Maltempo, sovrabbondanza di neve, strada inizialmente inagibile o comunque disagevole sono quindi le cause che hanno limitato l’affluenza sino ai primi di agosto, ma la vera causa del serpeggiante malessere si chiama carovita. «Abbiamo mantenuto pressoché inalterati i prezzi delle consumazioni e dei pernottamenti rispetto all’anno scorso», dicono i gestori di tutti e quattro i rifugi citati, «ma l’aumento complessivo del costo della vita ha portato a una drastica riduzione dei consumi. Se una volta l’escursionista al termine di una bella camminata si concedeva un pasto completo, oggi si accontenta di un primo o di un secondo, quando addirittura non si porta pane e companatico da casa e da noi prende solo un caffè».
Il carovita, come è ovvio, non ha nuociuto solo alle tasche di gestori e proprietari dei rifugi ma a quelle di (quasi) tutti gli italiani in genere che, volenti o nolenti hanno subito le conseguenze della poco efficacemente combattuta trasformazione delle vecchie 1.000 lire in un euro, a fronte di un valore effettivo, come tutti sappiamo, pari pressoché al doppio.

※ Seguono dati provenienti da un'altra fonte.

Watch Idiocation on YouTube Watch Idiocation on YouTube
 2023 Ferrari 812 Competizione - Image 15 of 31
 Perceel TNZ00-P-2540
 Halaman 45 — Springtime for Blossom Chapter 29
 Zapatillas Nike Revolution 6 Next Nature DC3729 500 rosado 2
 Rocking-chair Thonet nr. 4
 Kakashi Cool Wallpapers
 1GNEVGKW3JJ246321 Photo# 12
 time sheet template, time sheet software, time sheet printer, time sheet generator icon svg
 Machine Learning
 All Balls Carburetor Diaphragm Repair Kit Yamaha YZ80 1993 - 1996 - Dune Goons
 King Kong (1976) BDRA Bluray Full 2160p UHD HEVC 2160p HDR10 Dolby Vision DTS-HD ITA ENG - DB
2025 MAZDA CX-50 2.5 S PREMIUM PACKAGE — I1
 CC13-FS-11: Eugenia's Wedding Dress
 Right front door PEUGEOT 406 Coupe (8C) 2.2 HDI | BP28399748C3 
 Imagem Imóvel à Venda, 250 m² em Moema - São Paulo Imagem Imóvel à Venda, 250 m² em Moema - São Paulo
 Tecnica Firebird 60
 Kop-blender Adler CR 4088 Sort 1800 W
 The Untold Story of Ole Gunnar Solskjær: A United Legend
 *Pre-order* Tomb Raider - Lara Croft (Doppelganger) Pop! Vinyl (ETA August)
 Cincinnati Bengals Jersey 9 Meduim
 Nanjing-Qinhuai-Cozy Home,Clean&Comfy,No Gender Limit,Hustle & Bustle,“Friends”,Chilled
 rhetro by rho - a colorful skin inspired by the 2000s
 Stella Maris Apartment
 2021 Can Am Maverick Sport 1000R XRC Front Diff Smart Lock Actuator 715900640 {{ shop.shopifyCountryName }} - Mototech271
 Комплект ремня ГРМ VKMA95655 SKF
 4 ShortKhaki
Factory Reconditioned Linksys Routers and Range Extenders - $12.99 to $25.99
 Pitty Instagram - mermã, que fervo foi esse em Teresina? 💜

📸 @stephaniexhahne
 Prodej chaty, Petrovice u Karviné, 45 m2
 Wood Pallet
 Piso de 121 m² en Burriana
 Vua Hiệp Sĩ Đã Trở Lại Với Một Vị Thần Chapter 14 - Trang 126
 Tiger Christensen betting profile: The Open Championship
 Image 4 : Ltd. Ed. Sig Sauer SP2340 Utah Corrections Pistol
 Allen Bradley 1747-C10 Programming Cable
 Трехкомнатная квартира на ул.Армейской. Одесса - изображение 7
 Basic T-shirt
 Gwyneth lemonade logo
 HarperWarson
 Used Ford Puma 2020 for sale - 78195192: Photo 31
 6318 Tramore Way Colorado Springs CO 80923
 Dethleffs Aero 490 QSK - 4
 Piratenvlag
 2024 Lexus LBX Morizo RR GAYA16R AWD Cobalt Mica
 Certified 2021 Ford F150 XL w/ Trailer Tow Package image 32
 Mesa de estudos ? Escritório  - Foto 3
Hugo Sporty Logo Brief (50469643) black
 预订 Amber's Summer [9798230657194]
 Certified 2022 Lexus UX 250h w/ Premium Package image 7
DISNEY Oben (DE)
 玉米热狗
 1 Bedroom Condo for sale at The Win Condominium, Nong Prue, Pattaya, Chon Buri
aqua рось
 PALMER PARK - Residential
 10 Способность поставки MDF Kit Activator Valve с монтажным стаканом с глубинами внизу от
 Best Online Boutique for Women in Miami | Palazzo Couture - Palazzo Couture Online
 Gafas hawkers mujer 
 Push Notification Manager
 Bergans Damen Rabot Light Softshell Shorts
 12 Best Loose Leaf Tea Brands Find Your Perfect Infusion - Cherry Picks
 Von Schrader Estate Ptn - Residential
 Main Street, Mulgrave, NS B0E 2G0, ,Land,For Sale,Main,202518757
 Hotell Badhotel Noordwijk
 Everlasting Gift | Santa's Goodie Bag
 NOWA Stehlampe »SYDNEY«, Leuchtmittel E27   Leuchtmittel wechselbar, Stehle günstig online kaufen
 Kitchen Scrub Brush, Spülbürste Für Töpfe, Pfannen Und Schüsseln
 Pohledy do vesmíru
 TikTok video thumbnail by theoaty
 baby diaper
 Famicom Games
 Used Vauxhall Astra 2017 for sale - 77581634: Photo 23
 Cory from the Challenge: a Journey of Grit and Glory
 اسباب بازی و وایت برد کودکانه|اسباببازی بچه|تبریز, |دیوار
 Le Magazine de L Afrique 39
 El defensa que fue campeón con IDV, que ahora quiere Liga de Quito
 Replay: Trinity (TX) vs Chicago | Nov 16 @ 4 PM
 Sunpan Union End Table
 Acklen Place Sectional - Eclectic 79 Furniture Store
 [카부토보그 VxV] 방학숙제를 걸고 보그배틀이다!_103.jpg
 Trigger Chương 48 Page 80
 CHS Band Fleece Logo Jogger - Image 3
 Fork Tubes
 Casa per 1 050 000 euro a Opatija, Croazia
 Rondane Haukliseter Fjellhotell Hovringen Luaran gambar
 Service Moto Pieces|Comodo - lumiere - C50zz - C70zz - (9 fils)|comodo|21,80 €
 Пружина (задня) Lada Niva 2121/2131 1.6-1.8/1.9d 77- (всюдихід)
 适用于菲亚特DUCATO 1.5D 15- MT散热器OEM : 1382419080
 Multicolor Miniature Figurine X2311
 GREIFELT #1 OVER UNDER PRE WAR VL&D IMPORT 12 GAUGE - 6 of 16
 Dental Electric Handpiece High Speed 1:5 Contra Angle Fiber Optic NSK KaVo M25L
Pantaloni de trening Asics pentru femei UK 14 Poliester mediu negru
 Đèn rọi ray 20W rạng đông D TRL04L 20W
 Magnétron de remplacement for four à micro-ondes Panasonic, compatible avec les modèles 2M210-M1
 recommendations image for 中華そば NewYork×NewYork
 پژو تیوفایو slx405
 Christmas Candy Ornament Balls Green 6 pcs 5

Tuttavia è proprio là dove vi è un’economia debole e dipendente da tanti fattori che il fenomeno determina le ripercussioni maggiori.
Gli unici a non lamentarsi, né della scarsità di presenze, né dell’inclemenza del tempo e neppure del caro-euro, sono i fratelli Baschera, gestori del Fraccaroli. «Certamente non vi è confronto con l’estate 2003», dicono i simpatici gestori del più alto rifugio del Carega, «ma gli escursionisti salgono da noi ugualmente, sia dal Trentino che dalla parte veronese e vicentina, e di conseguenza non ci possiamo certo lamentare. E poi si sa, in montagna una stagione non è mai uguale all’altra! Quanto alle consumazioni, beh, chi arriva sino a qui ha camminato almeno due ore e mezza e quindi qualcosa consuma di sicuro».
La quota, a quanto pare, rende ottimisti. Su di un punto, comunque, tutti i titolari dei pubblici esercizi del Carega sono d’accordo: negli ultimi anni è considerevolmente migliorata la sensibilità ecologica dei visitatori. Cartacce, razzìe di stelle alpine, pic-nic selvaggi sono sempre più una rarità. La conseguenza, più o meno diretta, di tale atteggiamento è un accresciuto valore ambientale di queste montagne lungo i cui splendidi sentieri non è più così difficile imbattersi in una orchidea o in un cuscinetto di stelle alpine, oppure fermarsi per seguire le evoluzioni dei camosci sulle rocce o ammirare il volo dell’aquila reale. In barba al maltempo e al caro-euro.